(Data records):
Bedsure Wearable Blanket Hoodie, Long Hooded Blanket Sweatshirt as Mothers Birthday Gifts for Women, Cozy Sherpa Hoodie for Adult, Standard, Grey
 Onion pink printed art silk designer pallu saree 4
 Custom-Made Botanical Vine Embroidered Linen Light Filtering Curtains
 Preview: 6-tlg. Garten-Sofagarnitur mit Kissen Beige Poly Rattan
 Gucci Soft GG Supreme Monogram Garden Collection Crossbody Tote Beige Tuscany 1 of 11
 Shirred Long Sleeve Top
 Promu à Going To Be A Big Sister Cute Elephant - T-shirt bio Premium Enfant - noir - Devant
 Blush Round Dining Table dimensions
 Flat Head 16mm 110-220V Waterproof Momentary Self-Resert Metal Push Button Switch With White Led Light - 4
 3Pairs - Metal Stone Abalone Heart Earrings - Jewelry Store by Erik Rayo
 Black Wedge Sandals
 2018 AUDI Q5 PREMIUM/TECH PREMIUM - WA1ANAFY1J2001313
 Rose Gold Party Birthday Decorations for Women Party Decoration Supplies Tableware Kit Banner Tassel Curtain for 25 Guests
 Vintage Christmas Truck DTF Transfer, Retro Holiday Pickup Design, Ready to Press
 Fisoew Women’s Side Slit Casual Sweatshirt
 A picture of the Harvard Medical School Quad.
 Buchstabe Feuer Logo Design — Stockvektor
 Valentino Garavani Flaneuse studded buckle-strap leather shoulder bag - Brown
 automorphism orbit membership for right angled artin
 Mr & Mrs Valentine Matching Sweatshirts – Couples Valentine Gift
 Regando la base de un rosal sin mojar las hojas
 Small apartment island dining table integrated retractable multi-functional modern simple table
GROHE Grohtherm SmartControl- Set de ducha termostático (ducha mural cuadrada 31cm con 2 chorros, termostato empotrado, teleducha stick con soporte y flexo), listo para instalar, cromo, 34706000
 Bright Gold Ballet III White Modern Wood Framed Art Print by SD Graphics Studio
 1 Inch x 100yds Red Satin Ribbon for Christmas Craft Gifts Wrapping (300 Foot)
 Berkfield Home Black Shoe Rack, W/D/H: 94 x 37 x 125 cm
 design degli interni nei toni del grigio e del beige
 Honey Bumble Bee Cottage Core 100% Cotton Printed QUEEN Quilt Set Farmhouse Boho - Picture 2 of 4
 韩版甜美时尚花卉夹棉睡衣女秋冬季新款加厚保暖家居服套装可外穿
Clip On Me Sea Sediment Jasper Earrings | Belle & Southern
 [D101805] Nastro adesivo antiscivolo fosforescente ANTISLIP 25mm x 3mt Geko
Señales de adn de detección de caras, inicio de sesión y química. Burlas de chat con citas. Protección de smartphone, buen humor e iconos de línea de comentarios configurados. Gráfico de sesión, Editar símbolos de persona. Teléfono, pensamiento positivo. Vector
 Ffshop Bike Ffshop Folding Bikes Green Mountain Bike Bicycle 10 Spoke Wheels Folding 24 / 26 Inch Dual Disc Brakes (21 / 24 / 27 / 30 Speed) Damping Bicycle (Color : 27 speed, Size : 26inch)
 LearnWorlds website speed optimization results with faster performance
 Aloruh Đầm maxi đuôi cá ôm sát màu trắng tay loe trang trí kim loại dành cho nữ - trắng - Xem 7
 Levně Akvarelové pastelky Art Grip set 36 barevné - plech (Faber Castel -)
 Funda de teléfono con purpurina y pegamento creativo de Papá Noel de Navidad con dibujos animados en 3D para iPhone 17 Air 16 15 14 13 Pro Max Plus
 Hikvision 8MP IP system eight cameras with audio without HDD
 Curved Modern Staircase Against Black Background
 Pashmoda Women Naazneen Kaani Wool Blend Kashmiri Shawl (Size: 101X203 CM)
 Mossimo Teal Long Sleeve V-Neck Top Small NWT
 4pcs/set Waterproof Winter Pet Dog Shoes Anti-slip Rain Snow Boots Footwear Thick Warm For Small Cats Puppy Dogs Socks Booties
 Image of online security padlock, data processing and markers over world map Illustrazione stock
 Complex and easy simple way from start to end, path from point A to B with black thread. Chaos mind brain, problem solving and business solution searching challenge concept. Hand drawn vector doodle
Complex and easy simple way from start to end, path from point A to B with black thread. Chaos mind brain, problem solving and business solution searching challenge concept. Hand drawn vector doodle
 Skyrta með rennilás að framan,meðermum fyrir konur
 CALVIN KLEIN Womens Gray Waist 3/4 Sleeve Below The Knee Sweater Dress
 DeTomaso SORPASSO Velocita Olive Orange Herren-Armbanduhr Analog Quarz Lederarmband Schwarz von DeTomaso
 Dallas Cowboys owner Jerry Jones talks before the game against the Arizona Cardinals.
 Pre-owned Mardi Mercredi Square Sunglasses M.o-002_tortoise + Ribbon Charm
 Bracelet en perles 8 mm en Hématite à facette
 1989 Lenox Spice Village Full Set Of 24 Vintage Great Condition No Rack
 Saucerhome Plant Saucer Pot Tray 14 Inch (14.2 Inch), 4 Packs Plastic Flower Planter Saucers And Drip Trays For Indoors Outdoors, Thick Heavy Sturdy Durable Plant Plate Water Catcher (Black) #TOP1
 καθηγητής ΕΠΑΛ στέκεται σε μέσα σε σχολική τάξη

(What is being asked):
Reproduce only the lines above, starting at the line with "Curved Modern Staircase" and ending at the line with "Mossimo Teal Long", exactly as written.

(Result of this task):
 Curved Modern Staircase Against Black Background
 Pashmoda Women Naazneen Kaani Wool Blend Kashmiri Shawl (Size: 101X203 CM)
 Mossimo Teal Long Sleeve V-Neck Top Small NWT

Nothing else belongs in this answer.